In an event now known as the Greensboro Massacre, five people were killed and 11 injured in a confrontation between the Ku Klux Klan and the Communist Workers Party. A N.C. Highway Historical Marker to commemorate the event will be dedicated May 24 at 4:15 p.m., at New Light Baptist Church, 1105 Willow Rd. After the unveiling at the intersection of McConnell Road at Willow Road there will be a reception at the church. For additional information please call (919) 807-7290.
The event took place Nov. 3, 1979, in the Morningside Homes public housing complex at Carver and Everitt Streets in Greensboro. It occurred after articles appeared in newspapers about a planned "Death to the Klan" march. Communist Worker Party (CWP) members placed notices in the newspapers with the objective of organizing workers in local cotton mills.
Word spread to members of the Ku Klux Klan and American Nazis in other parts of the state and many arrived with guns in their trunks. Television crews caught the rapidly unfolding violence. Police arrived after it was over. Killed were Sandi Smith, Dr. Jim Walker, Bill Sampson, Cesar Cauce and Dr. Michael Nathan.
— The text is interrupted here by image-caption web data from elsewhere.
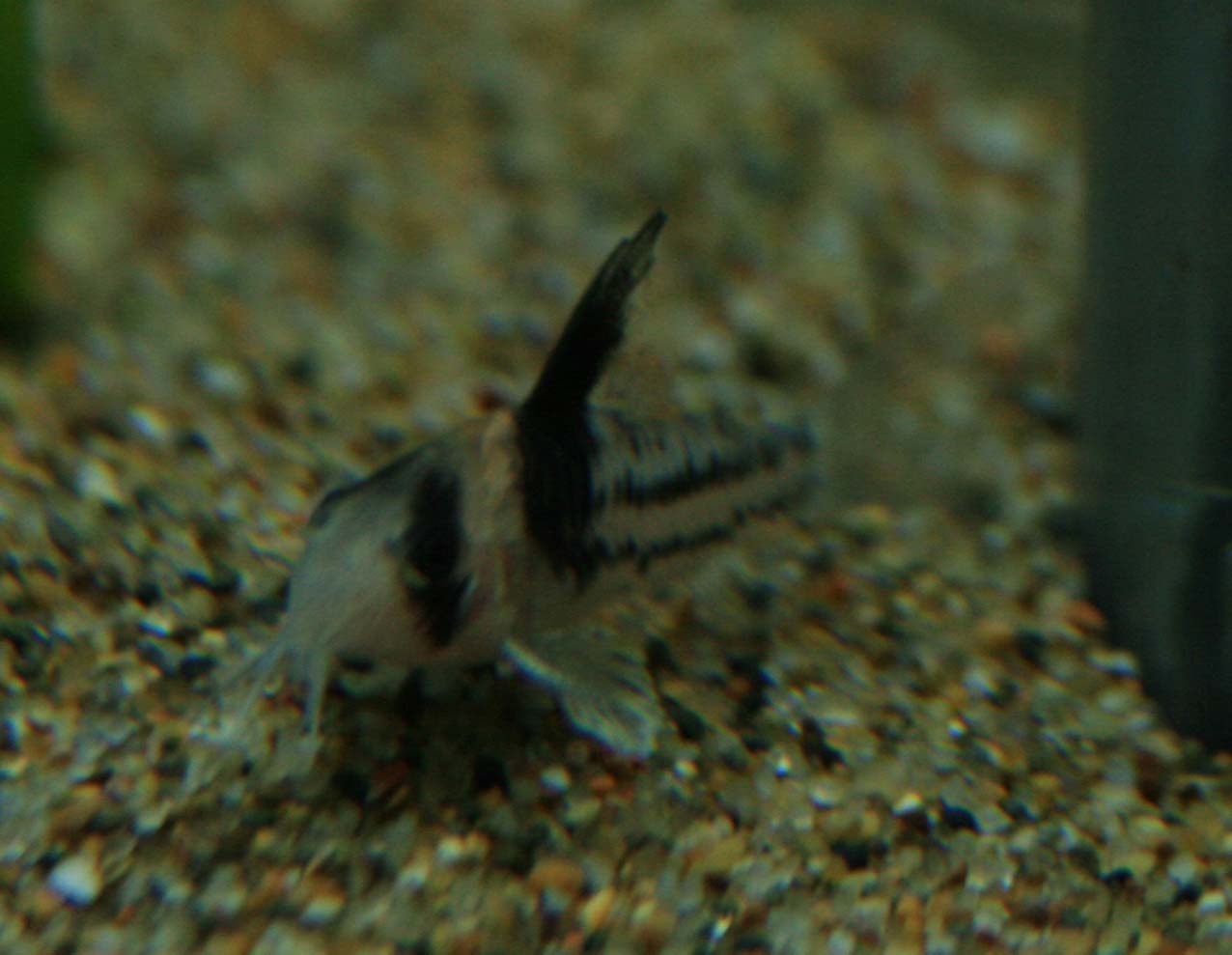 a0162263_20312883.jpg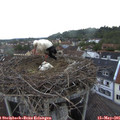 06_20-nest.jpg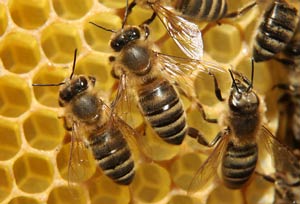 شرایط محیطی زنبور عسل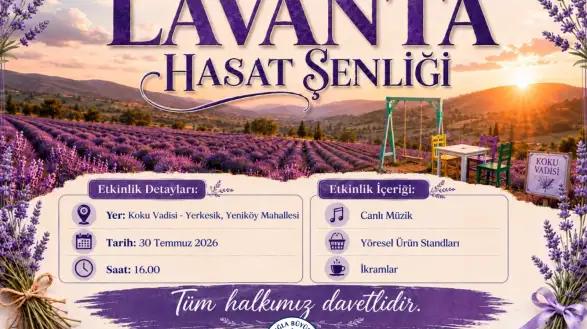 Muğla'da Lavanta Hasat Şenliği İçin Geri Sayım Başladı
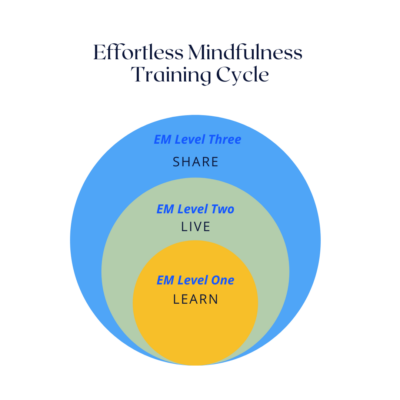 effortless mindfulness training cycle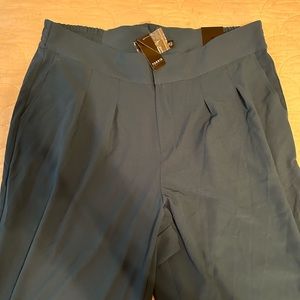 Torrid pants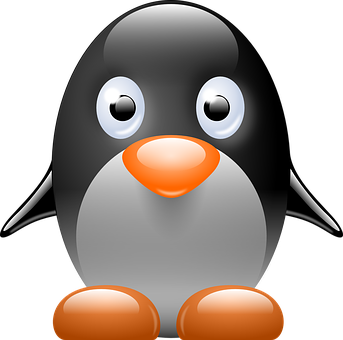 Cute Cartoon Penguin Illustration PNG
Jurors acquitted the defendants who asserted self-defense in state and federal trials. A civil suit in 1985 resulted in a finding for Dr. Nathan and a $351,000 payment by the city to all defendants.
Memories of the event linger in Greensboro and the nation. The community has been redeveloped and the intersection no longer exists. The Greensboro Truth and Reconciliation Commission in 2004 reported that "a public monument should be built on the site of the shootings to honor those killed and wounded on November 3, 1979." No such monument has been constructed and applicants contend that a state marker would be an appropriate form of public memory toward that end.
The Highway Marker Program is a collaboration between the N.C. Departments of Cultural Resources and Transportation. The program is administered by the Office of Archives and History in the N.C. Department of Cultural Resources.